▶ Task to carry out
Go through the entries below and copy every line that holds the word "featuring".

Short text fragments from websites:
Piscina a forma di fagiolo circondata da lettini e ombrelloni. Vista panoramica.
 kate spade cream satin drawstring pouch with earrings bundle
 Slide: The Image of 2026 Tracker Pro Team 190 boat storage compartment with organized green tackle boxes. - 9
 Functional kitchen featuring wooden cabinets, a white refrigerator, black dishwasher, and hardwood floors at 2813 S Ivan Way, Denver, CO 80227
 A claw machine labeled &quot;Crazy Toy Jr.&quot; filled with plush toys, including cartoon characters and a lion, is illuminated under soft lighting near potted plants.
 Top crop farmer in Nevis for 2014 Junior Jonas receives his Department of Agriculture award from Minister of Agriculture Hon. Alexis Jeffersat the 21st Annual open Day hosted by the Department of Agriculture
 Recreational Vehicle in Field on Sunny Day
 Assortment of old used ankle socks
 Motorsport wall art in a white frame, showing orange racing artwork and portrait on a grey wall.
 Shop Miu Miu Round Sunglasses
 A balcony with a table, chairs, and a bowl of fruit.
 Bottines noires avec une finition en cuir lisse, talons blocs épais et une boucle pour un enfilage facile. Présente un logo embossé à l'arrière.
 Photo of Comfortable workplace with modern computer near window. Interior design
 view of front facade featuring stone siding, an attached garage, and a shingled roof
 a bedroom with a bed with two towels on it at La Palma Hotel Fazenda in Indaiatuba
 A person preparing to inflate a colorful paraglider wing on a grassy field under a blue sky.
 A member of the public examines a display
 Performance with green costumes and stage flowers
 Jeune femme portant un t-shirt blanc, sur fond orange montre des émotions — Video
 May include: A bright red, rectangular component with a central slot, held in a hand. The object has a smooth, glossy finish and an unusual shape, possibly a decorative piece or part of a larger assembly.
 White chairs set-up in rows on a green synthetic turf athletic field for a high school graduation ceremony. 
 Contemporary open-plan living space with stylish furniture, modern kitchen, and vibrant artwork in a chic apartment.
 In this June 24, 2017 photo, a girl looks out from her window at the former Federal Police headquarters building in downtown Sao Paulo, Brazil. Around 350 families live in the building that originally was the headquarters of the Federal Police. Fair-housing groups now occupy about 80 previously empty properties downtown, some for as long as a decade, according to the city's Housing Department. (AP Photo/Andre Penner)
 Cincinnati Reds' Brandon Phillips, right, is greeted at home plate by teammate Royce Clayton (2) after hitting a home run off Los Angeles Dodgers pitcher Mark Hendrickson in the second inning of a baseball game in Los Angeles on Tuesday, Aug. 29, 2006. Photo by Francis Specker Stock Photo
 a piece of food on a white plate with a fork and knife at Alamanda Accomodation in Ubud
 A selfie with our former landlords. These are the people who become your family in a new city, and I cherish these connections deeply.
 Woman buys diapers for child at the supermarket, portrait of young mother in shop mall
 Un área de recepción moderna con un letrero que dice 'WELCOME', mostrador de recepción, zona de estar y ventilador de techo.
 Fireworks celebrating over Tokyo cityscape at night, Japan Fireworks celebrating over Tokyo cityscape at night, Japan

▶ Task answer
 Functional kitchen featuring wooden cabinets, a white refrigerator, black dishwasher, and hardwood floors at 2813 S Ivan Way, Denver, CO 80227
 view of front facade featuring stone siding, an attached garage, and a shingled roof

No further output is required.